The commonality in this navigation element is often a hamburger-style menu. The icon is often in the top right corner, with a logo in the left corner. This preferred user pattern keeps the location of the full menu familiar for users, although you’ll notice alternative placements for some websites. (Do these give you any pause?)
What happens when the navigation pops out can take on a wide range of forms and design styles. Here are three different ways to try it:
Rizzardi Yachts exemplifies the most popular use of a full pop-out navigation style, other than the location of the hamburger icon (which is on the left side here). The menu opens to a full-screen list of options with branding at the top and interesting hover animations to encourage clicks. They also add all of the common footer information at the bottom of the pop-out screen, including social icons and website policies.
TomB uses a partial screen pop-out navigation element on the desktop version that mimics the size of the mobile nav. This works well for menu items with short names and ensures that the main part of the site and branding remain visible at all times. You don’t have to worry about users not knowing how to close the nav element, which can sometimes happen with full-screen overlays.
Made by Field breaks all of the “rules.” The navigation is hidden inside a circle in the top right part of the screen. It then expands to a full-screen menu but doesn’t have any branding and is a bit cluttered with an uber-minimal design. What might be most interesting is the hover styles. Hover over items on the left side, and a background image appears. Hover on the items on the right, and they just have a slight animation with no background changes.
2. Minimal Menus
While minimal menus are a design element in the examples above, here they take on a whole new level. Not only are they minimal in look, but many of these sites are completely limiting the number of options available, creating a distinct user journey.
This design style for navigation works best on small sites without a lot of options or paths for visitors to take or sites where every page is essentially designed as navigation to the next step.

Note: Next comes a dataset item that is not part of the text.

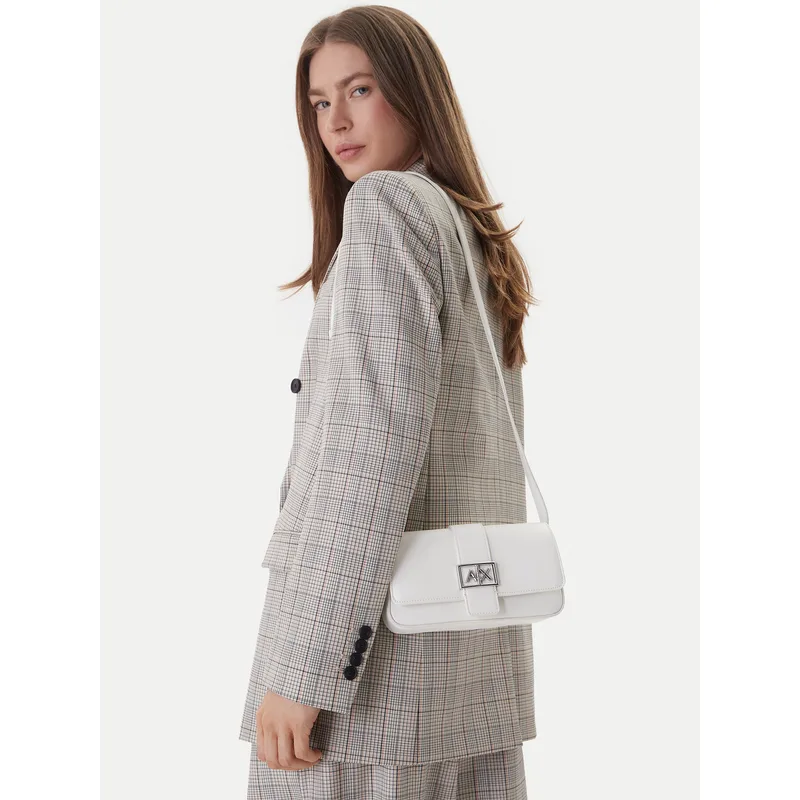 Τσάντα Armani Exchange XW002567 AF12039 U0011 Λευκό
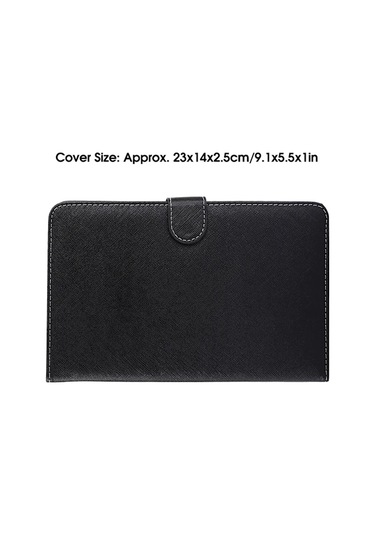 Düşük a Süper Teklif 4,5-6,8 İnç Cep Telefonları İçin Deri Kılıflı İspanyolca Kablosuz Bluetooth Klavye - Glad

The trick to this type of navigation is setting clear expectations for the user. Is it clear what they are supposed to do next? How do they interact with the design?
Dior by Starck is a one-page, long scrolling site. That’s part of the reason the minimal menu – it’s simply a logo, language, and sound selector – is enough. Having a long text block that’s partially obscured by the scroll makes it obvious to the user that there’s more below the scroll, and encourages the next steps of interaction.
Magma uses a style that’s a lot like what we saw from TomB in the first set of examples, but there’s a little more to the menu with the primary call to action next to the hamburger icon. The navigation design is actually telling users the most important thing to do here is click that button to “Book a Demo,” but if that’s not for you, there are additional menu choices.
Little Big has a minimal menu tucked into the top left corner of the homepage. There are a few buttons, but the site design really only has three options for pages other than home. The remaining four buttons take users off-site, but to highly relevant channels for a music group so that people can listen to or stream their songs.
3. Encroaching Elements
This website navigation design trend might be the most difficult to pull off, with other design elements occupying part of the space dedicated to navigation. Here, you’ll find more traditional menu items across the top of the page, but other design elements encroach into the space.
This is a visually stunning option that marries modern design elements with high functionality due to a commonly accepted user pattern.
The Works Fine for Me podcast design has a typical top-line navigation structure with a logo, links, and a CTA button but the blue-green photo container drops down through the menu. It helps draw your eye to the navigation and creates visual flow across the screen.
Taby vs Spacje, also a podcast website, uses a similar pattern, but instead of the encroaching element coming from above, it sneaks into the navigation from below. The shape element is placed between navigation text links and a button and actually collapses at smaller screen sizes to maintain readability for all of the elements.
Stripe Sessions has an animated element that rests behind the middle menu items with a logo on the left side and CTA on the right. Colorful animation leads the eye to the navigation elements in the center of the screen, but the whitespace surrounding the edge elements makes them almost more of a focal point. What part of the menu actually catches your attention first?
Conclusion
And some months, we notice trends within trends.
Are these navigation and menu design trends something you can see yourself using? What’s most relevant for the projects you are working on right now? We hope you found something useful and functional to help keep your projects looking modern and fresh here.